ギャルゲーの主人公は、異世界ではともかく、現実世界においては、さほどの地位にあるわけではありません。なら、次に彼らの人間的な魅力について考察して見ましょう。今は単なる学生でも、彼らが魅力あふれる人間だと言うのであれば、これは女の子にモテて当然でしょうから。
そして、まず考えて見たいのが、主人公の容姿です。別に人間の価値は、その美醜で決まるものではありませんが、それでもハンサムで格好いい男というのは、それだけで大いにモテるものなのです。実際、ギャルゲーに出て来るヒロイン達は、皆結構な美少女ばかりなのですから、彼女達と恋をする主人公も、当然、それに釣り合ったかなりの美形揃いである方が、自然というものでしょう。
それで、主人公の容姿なのですが、実を言うとこれは非常にデリケートな問題なのです。当初、「ときメモ」を始めとするギャルゲーでは、主人公の顔を見せないのが普通でした。これは下手に主人公の顔を描写してしまうと、その分、プレーヤーイコール主人公、という図式が崩れてしまうためなのですが、この「顔を見せない主人公」は、その後のギャルゲーにおいても、最も一般的な主人公となっているのです。

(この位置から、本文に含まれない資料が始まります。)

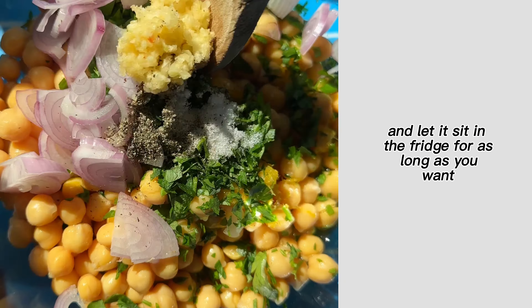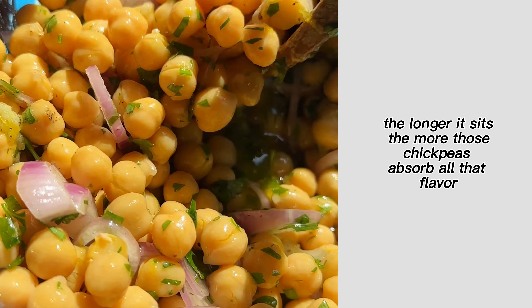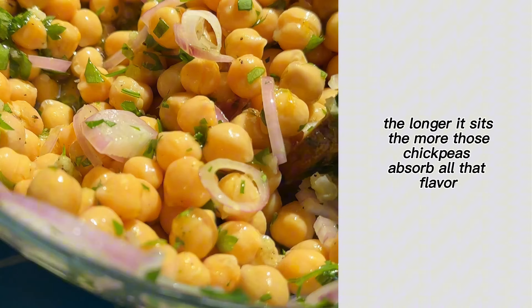Welcome back to Chickpea Friday, where I share some fresh inspiration for that can of chickpeas in your pantry. These are my lemony marinated chickpeas — they taste like pure sunshine.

ただ、中には「ダブルキャスト」を始めとする「やるドラシリーズ」のように、全編アニメと止め絵で構成したという、どう考えても主人公の顔無しでは、やばそうなゲームもありまして。普通、主人公の顔が出て来ないアニメなど存在しないわけで、こうなるともう顔を出すより他に手が無いかと思いきや、このシリーズでは、わざわざ主人公を遠くから写したり、二人が抱き合ったシーンで、ヒロインの顔だけをアップにしたりして、とうとう主人公の顔を出すことなく、ゲームを終わらせてしまいました。作った方はさぞかし大変だったろう、と思いますが、そこまでしてでも、主人公の顔を出さないのが、ギャルゲーのポリシーなのかも知れません。
もっとも、さすがにアニメで主人公の顔を出さないのは、苦しいらしく、「続初恋物語」や「ファーストKiss物語」といった、他のアニメムービーを盛り込んだ作品では、潔く主人公の顔(ちなみに、どちらの主人公もかなりの二枚目として描かれております)を出しておりますが、こういった作品は、むしろ例外です。ほとんどのギャルゲーにおいて、主人公の顔は、まるで出て来ないか、せいぜいその一部が、イベントによっては垣間見られる程度。彼らがどのような容姿なのか、ゲームをプレイしただけではわからないのが、普通なのです。
ただ、それなら、ギャルゲーの主人公の容姿は、全く不明なのかと言えば、実はそうとも限りません。ゲーム中、第三者の台詞という形で、何気に主人公の容姿に言及されることが、よくありまして。そして、その場合、主人公の容姿に関しては、なかなかいい評価をされるケースが、多いのです。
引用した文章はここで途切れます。